Silicon Valley owes its existence to a Frenchman living in Boston. Born in France in 1899, Georges Doriot graduated from the University of Paris in 1920 and matriculated at the Harvard Business School in 1921. Four years after graduation, he became the assistant dean and associate professor of industrial management at Harvard.1 Five years later, he would be promoted to full professor, in large part due to his beloved manufacturing course that graduated more than 7,000 students during his tenure through 1966. The year-long course tested the general management skills of second-year MBA students, and the final reports of students often exceeded 600 pages.2 In Creative Capital, Doriot biographer Spencer E. Ante summarized his interviews of former Doriot students:

“His lectures were so memorable and controversial – he once lectured students on how to pick a wife – that many former students who have forgotten most of what they learned at business school still remember Doriot vividly.”3

A sinewy 5 feet 10 inches tall, with incisive blue eyes, a thin mustache, and a penchant for fine tobacco to stuff his iconic pipe, Doriot was highly decorated by the U.S. military. In 1940, he became a U.S. citizen to assume a military post created for him by a former student, Major General Edmund Gregory. Appointed lieutenant colonel and chief of the Military Planning Division, Doriot managed all the procurement for the U.S. Army, from trucks to uniforms to rations.

In the jungles of Southeast Asia, indigenous forces easily tracked American infantryman by their footprints. Unlike the barefooted natives, Americans left boot outlines as they marched through mud.
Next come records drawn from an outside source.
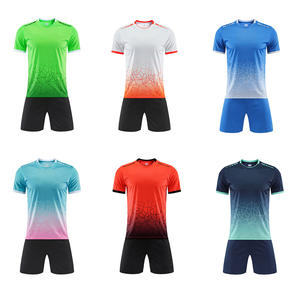 قمصان كرة قدم رياضية خفيفة الوزن بأكمام قصيرة مصنوعة حسب الطلب من البوليستر 100٪ بخدمة تصنيع المعدات الأصلية بالجملة - Product Image 1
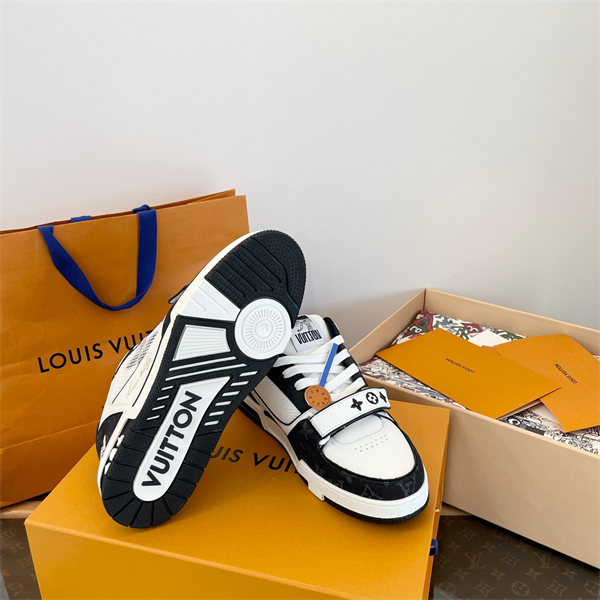 Louis Vuitton 루이비통 LV 트레이너 스니커즈 레플리카 17번 이미지 - 신발 | 세미샵 레플리카 사이트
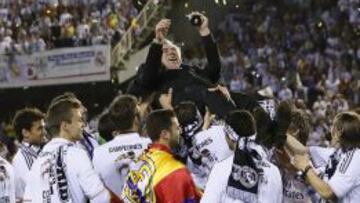 Carlo Ancelotti, manteado por sus jugadores.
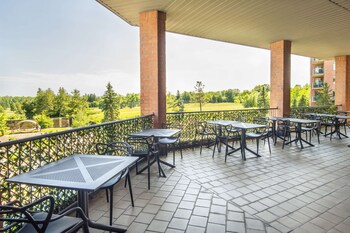 chateau cartier hotel and resort ascend hotel collection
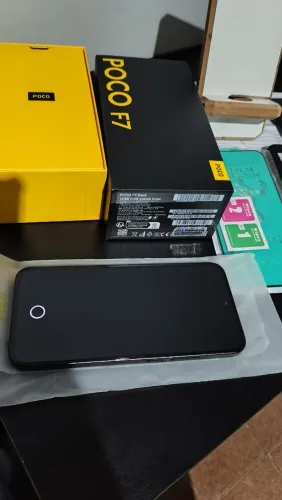 Xiaomi Poco F7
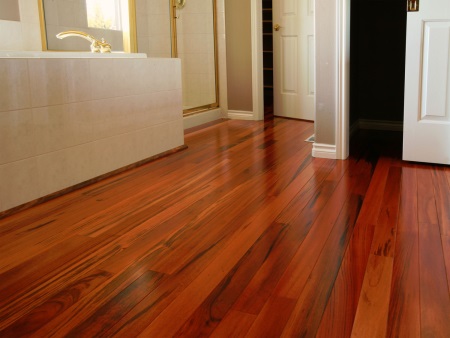 Vertical laying of water resistant laminate flooring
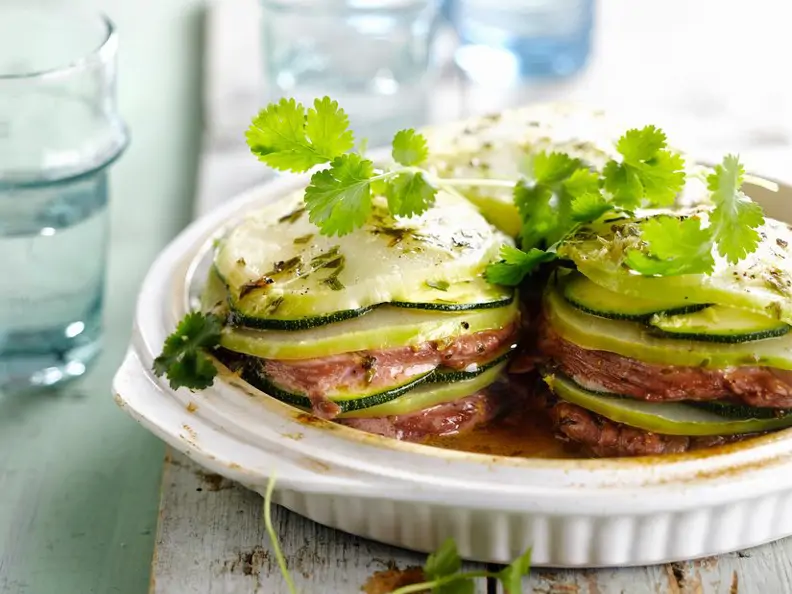 Rinderfilet mit Zucchini und Kohlrabi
So, Doriot contracted an anthropologist to develop molds of the feet of the locals and manufactured boots with these imprints on the soles. “If you ran down a muddy road you'd swear that was not an American, it was a native,” remembered Lieutenant Colonel William H. McLean.4

In addition to these tactical advances, Doriot and his team resolved large-scale logistical problems that supplied the Allied Forces with the ammunition, nourishment, and equipment to fuel their success. Doriot was ultimately promoted to brigadier general, received the Distinguished Service Medal (the highest U.S. military metal given to a noncombatant), rose to the rank of commander of the British Empire, and was awarded the French Legion of Honor.

After the war concluded, Doriot continued to change the world. In 1959, he and three of his students from Harvard Business School founded INSEAD (Institut European d'Administration des Affairs), the preeminent business school outside the United States.